Louise Bogéa: Servidora pública federal do Museu da UFPA.
A releitura das fábulas
encantadas da Disney feita pelo espetáculo “Encantados S.A” teve seus momentos,
ontem, no teatro Cláudio Barradas. O que se iniciou até um pouco sem graça foi,
aos poucos, ganhando vida, juntamente com o garoto central do enredo, o Noque,
ou melhor, o Pinóquio.
Inspirado na famosa
fábula da personagem, o enredo nasce a partir da solidão do garoto – com apenas
seu brinquedo preferido como amigo – até quando, ao perceber acontecimentos
suspeitos e sobrenaturais, encontra-se com uma organização secreta que é nada
menos que a mistura das principais personagens de outras fábulas da Disney: as
princesas, os príncipes, os vilões, as fadas e outros chamados ridiculamente de
“restantes”: todos constituem a intitulada “OSSEAPEPROFOSOI”. A sátira é,
assim, realizada, principalmente, com a entrada de um desses grupos no palco. A
meu ver, o seu ápice fora durante a reunião da organização, quando todas as
personagens estavam juntas.
Relembro-me agora que no
original “As aventuras de Pinóquio” de Carlo Collodi (1881) – assim como na
versão adaptada da Disney –, a personagem principal era o boneco de madeira,
este transformado em garoto, após adquirir sentimentos e experiências de vida.
Há, também, releituras da obra original onde a reflexão se dá sobre as pessoas
de carne e osso virarem bonecos – marionetes – de algum sistema. No espetáculo,
porém, a revelação que o garoto era o “Pinóquio” e o seu brinquedo, o “grilo
falante”, deu-se apenas ao final, por meio do aparecimento do nariz grande
(característica carregada de simbologia no nosso imaginário) e das vestes do
grilo.
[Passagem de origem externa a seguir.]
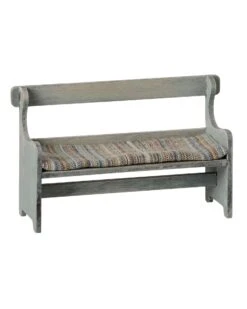 Maileg Mouse Bench In Vintage Off White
Inicialmente, o garoto fora apresentado apenas como uma criança mimada e
solitária, para depois ser considerada como especial pelos membros da
organização dos encantados.
Ressalta-se que nem o
drama, nem tampouco as lições de vida do original foram enfatizadas durante a
peça, mas sim, a pura sátira, para entreter o público. A comédia era, por
vezes, relacionada com o enredo dos originais; outras vezes, com fatos cômicos
mais atuais; ou ainda, com a própria estupidez das personagens interpretadas. A
atenção até fora roubada de Noque e do seu amigo, para focar na sátira entre os
membros da organização secreta, voltando, apenas ao final do espetáculo, o foco
no garoto – momento de sua revelação como Pinóquio. Percebe-se, aqui, que a
intenção fora a de mostrar o amadurecimento de Noque, ao encontrar o seu amor,
deixando o seu amigo imaginário, para o encerramento da peça.
Portanto, a trama
repassa as lições de vida propostas no conto de fadas, dando ênfase na comédia.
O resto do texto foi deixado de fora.